L’Europa può attuare una politica monetaria espansiva che abbassi il tasso di cambio e faciliti le esportazioni e il credito. Ciò può avvenire attraverso le misure di finanza non convenzionale, attuate anche dagli Stati Uniti, cioè attraverso la banca centrale che eroga direttamente il finanziamento alle banche prendendo in pegno i crediti dati alle imprese.



Per quali motivi queste misure non sono ancora state adottate?

Perché la Germania si è opposta alle misure non convenzionali, come pure all’Unione bancaria europea.
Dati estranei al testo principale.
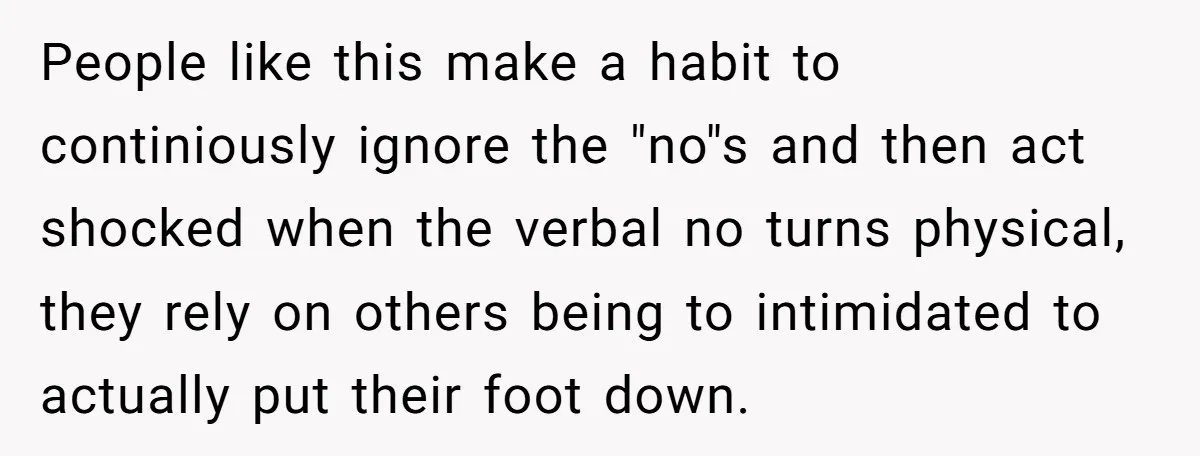 People like this make a habit to continiously ignore the "no"s and then act shocked when the verbal no turns physical, they rely on others being to intimidated to actually...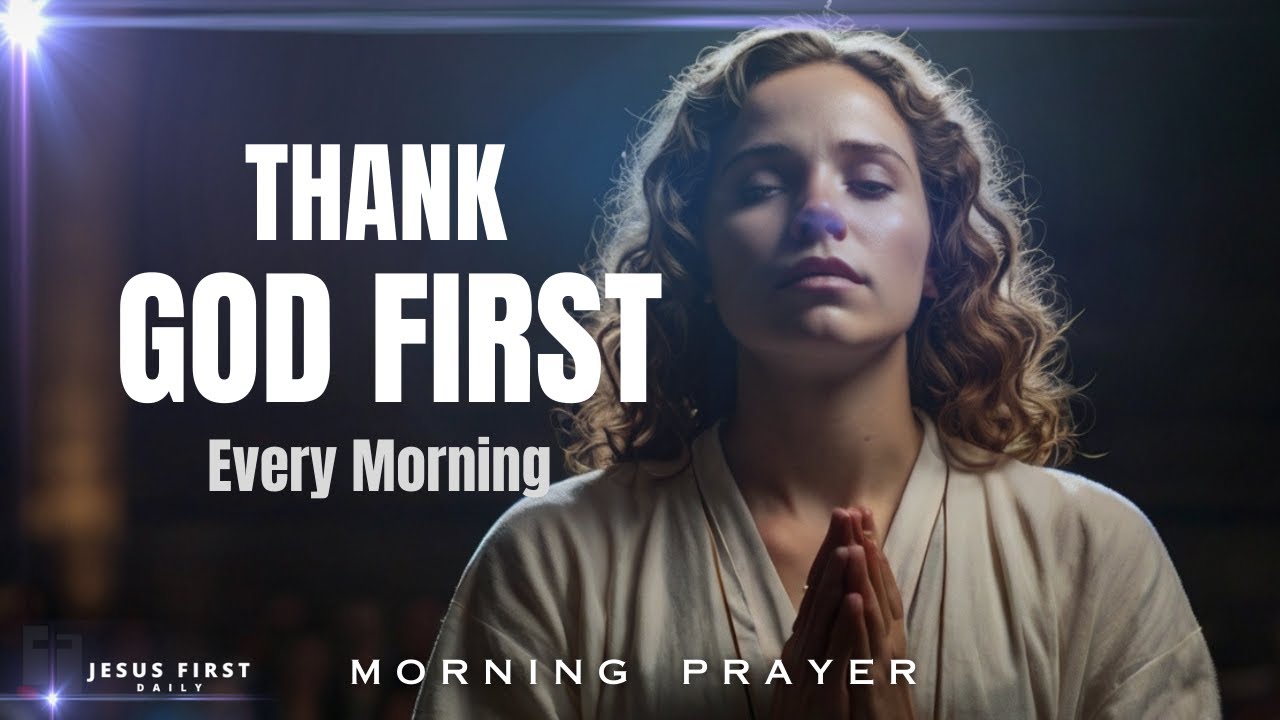 Thank God for What You Have Today | Morning Prayer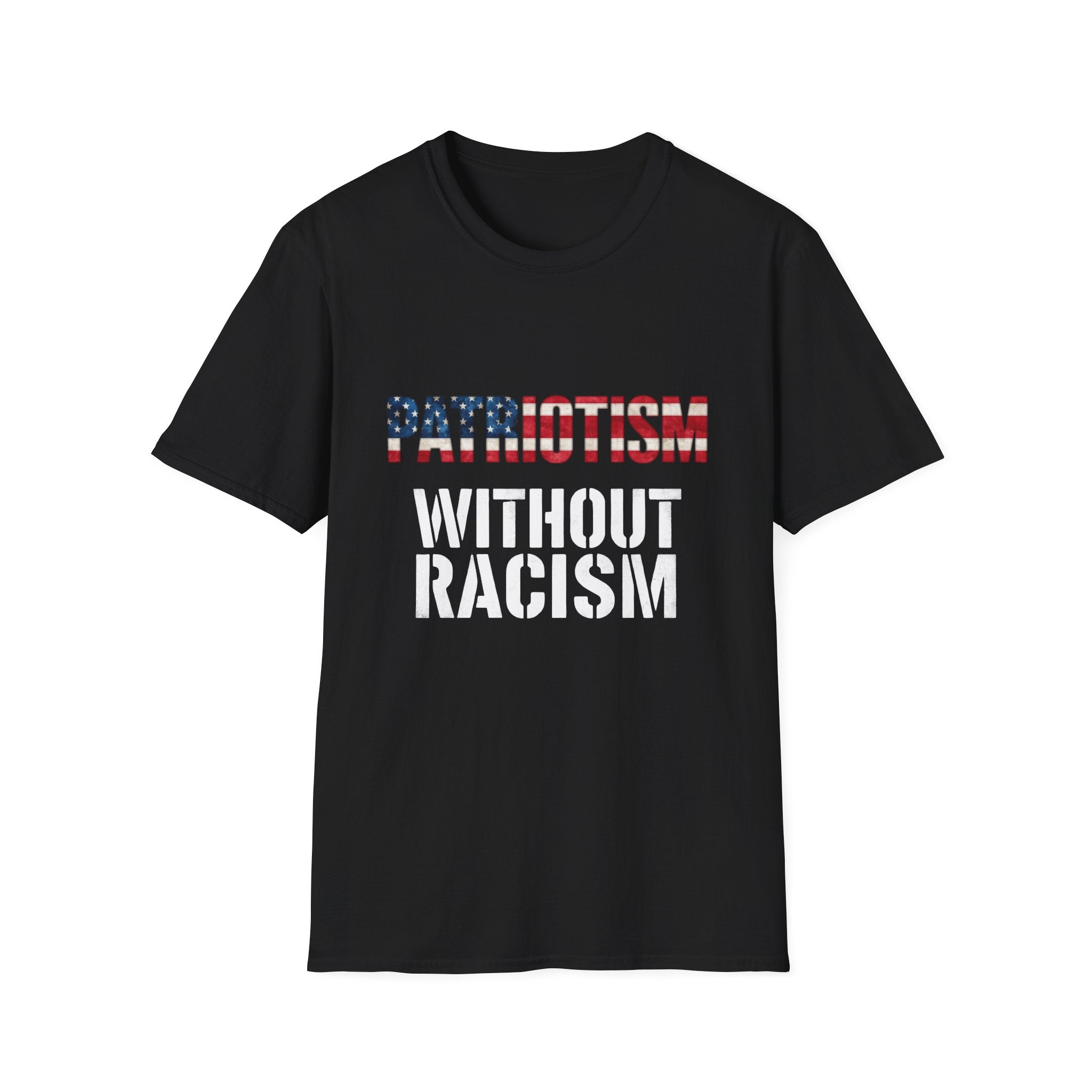 Patriotism Without Racism T-Shirt, Unisex Softstyle Tee, No Hate Shirt, Social Justice Apparel, Equality Statement Top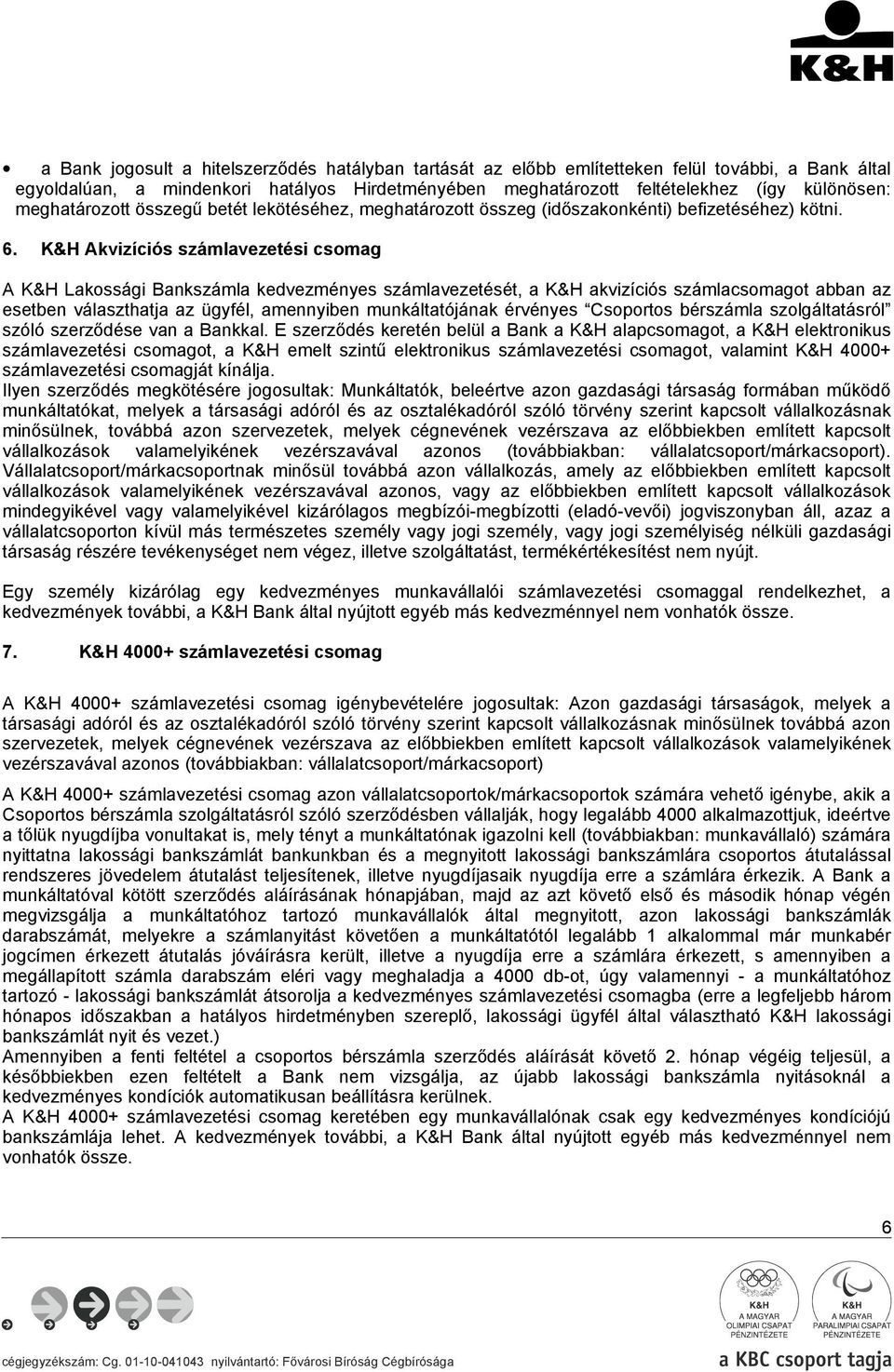 K&H Akvizíciós csomag A K&H Lakossági Bankszámla kedvezményes számlavezetését, a K&H akvizíciós számlacsomagot abban az esetben választhatja az ügyfél, amennyiben munkáltatójának érvényes Csoportos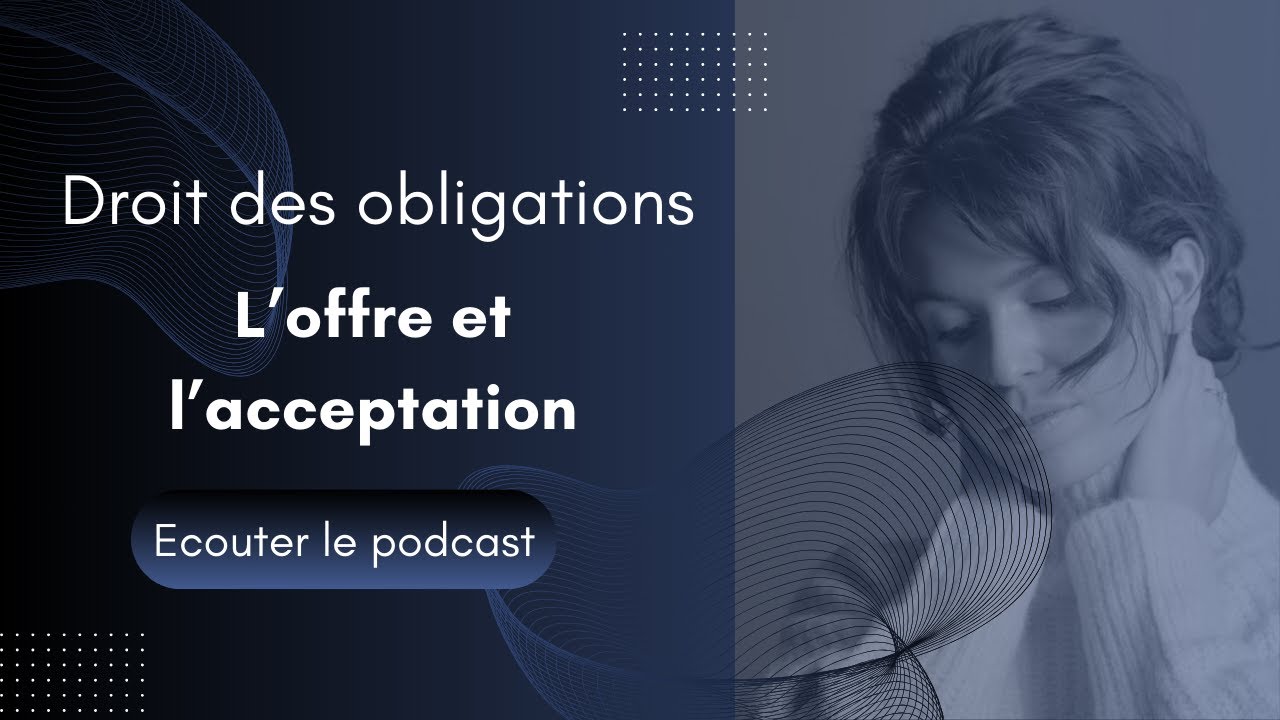 1.La formation du contrat PROMO 2025 - OFFRE & ACCEPTATION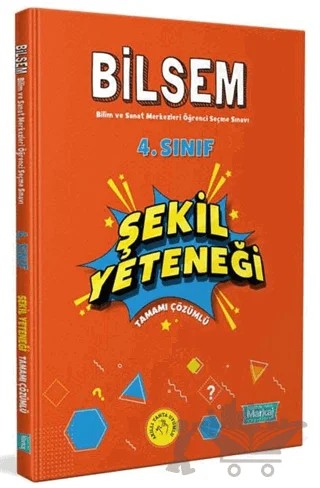4. Sınıf Bilsem Hazırlık Şekil Yeteneği Tamamı Çözümlü – Kolektif – Markaj Yayınları kitap kapağı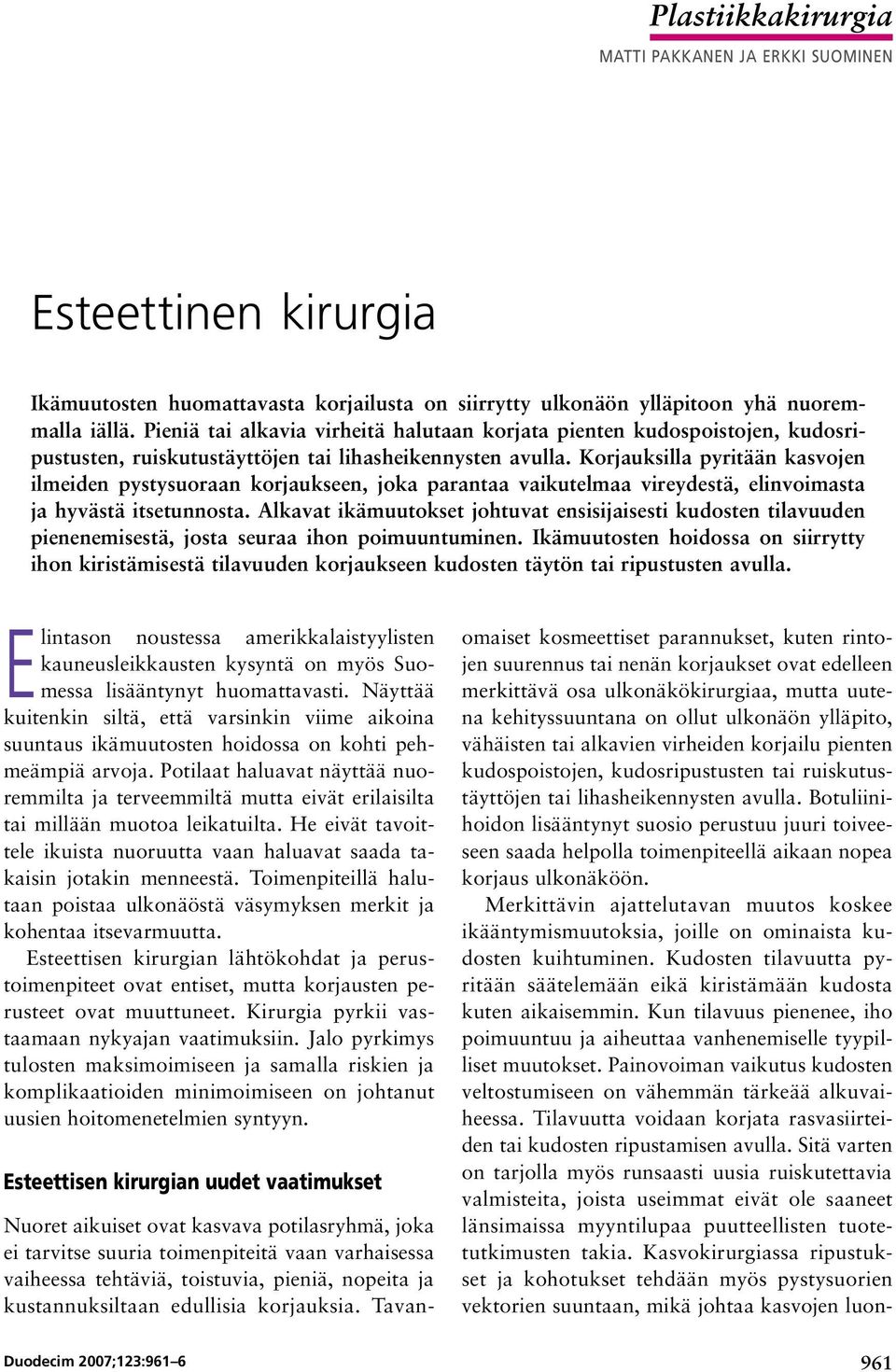 Korjauksilla pyritään kasvojen ilmeiden pystysuoraan korjaukseen, joka parantaa vaikutelmaa vireydestä, elinvoimasta ja hyvästä itsetunnosta.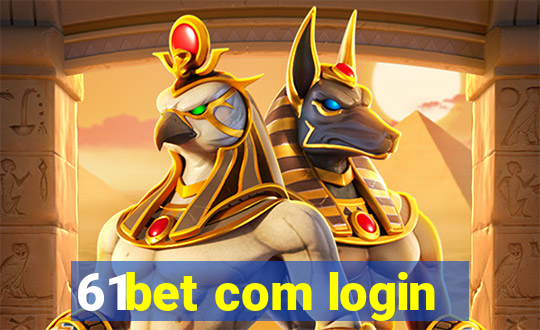 61bet com login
Da questo punto di vista, quindi, la responsabilità della mancata crescita del Pil italiano sta a Berlino, che tra l’altro contravviene alla richiesta della Commissione Ue di ridurre il suo eccesso di avanzo nella bilancia commerciale. La Germania si oppone anche all’Unione bancaria, che consentirebbe di canalizzare maggiormente il credito verso Paesi come l’Italia, consentendo di superare l’attuale frammentazione del mercato finanziario.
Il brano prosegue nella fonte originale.